Contracting Path (Encoder containing downsampling steps):

Images are first fed through several convolutional layers which reduce height and width, while growing the number of channels. The contracting path follows a regular CNN architecture, with convolutional layers, their activations, and pooling layers to downsample the image and extract its features. In detail, it consists of the repeated application of two 3 x 3 same padding convolutions, each followed by a rectified linear unit (ReLU) and a 2 x 2 max pooling operation with stride 2 for downsampling. At each downsampling step, the number of feature channels is doubled.

Expansive Path (Decoder containing upsampling steps):

The expanding path performs the opposite operation of the contracting path, growing the image back to its original size, while shrinking the channels gradually.
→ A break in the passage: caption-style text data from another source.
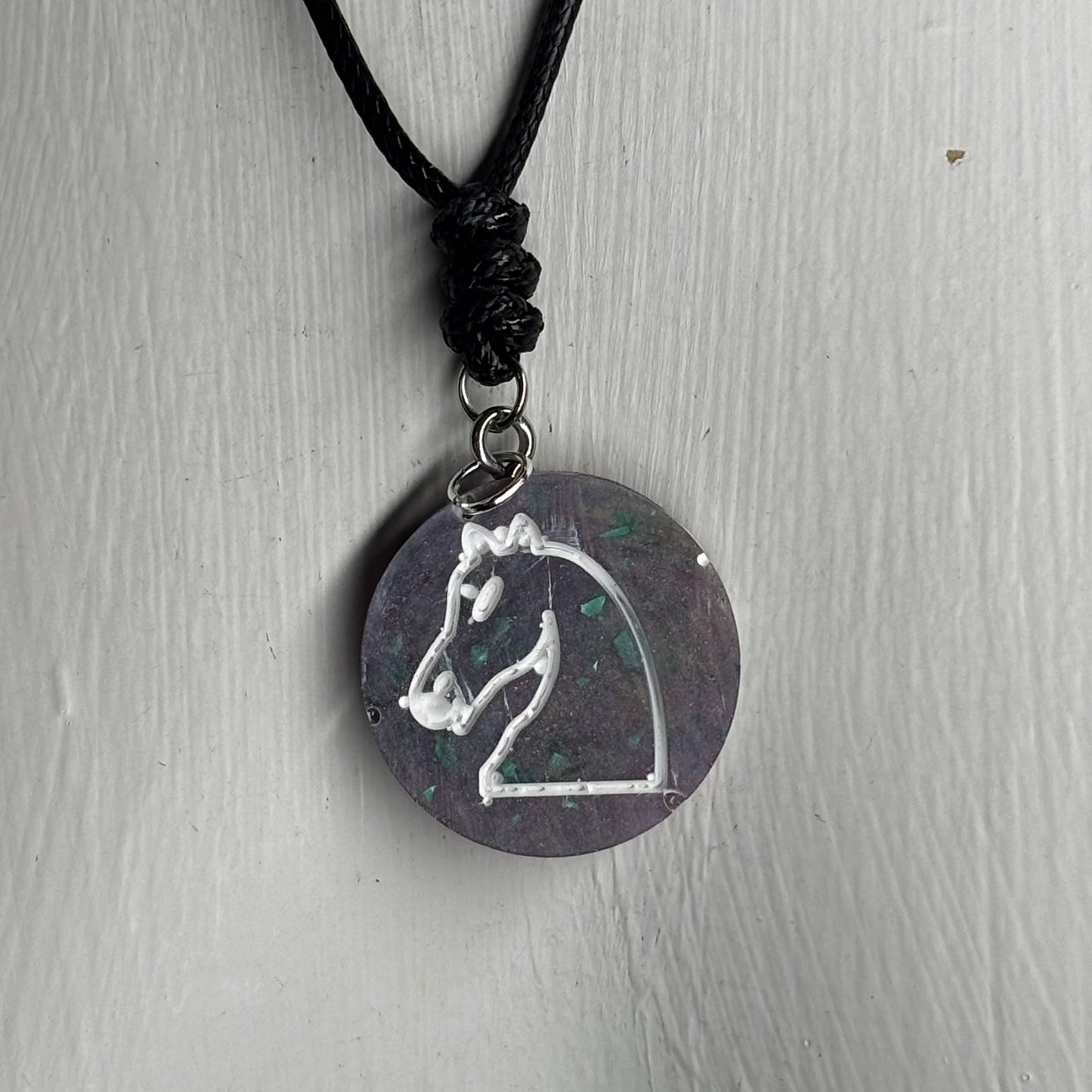 Purple Knight - Handmade Resin Chess Necklace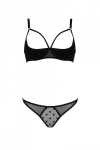 Еротичний комплект Passion MARINA SET WITH OPEN BRA, L/XL, black, відкриті чашки - фото №3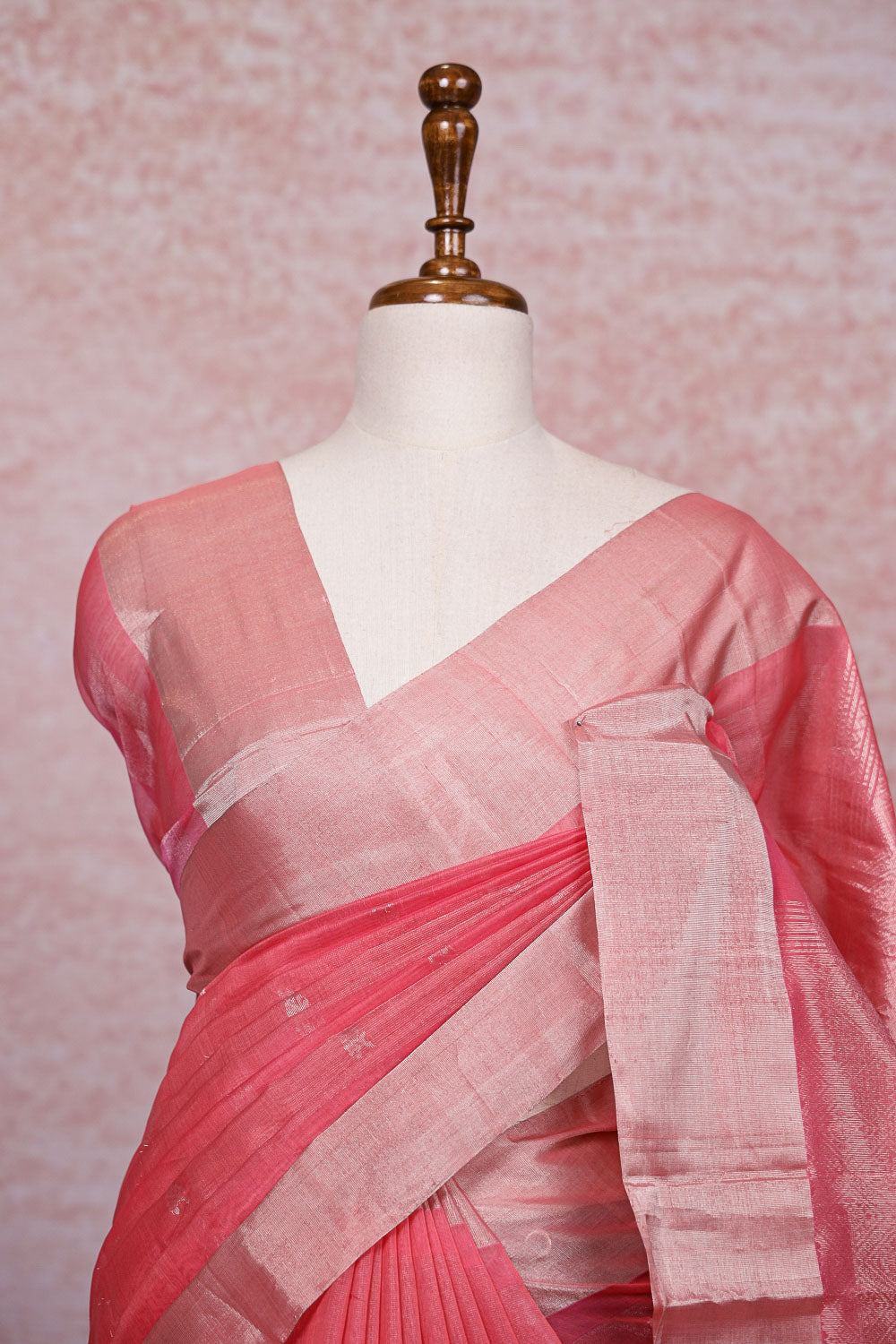 Pink Cotton Silk Saree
In detail, each step in the expanding path upsamples the feature map, followed by a 2 x 2 convolution (the transposed convolution). This transposed convolution halves the number of feature channels, while growing the height and width of the image. Next is a concatenation with the correspondingly cropped feature map from the contracting path, and two 3 x 3 convolutions, each followed by a ReLU. You need to perform cropping to handle the loss of border pixels in every convolution.

Final Feature Mapping Block:

In the final layer, a 1x1 convolution is used to map each 64-component feature vector to the desired number of classes. The channel dimensions from the previous layer correspond to the number of filters used, so when you use 1x1 convolutions, you can transform that dimension by choosing an appropriate number of 1x1 filters. When this idea is applied to the last layer, you can reduce the channel dimensions to have one layer per class.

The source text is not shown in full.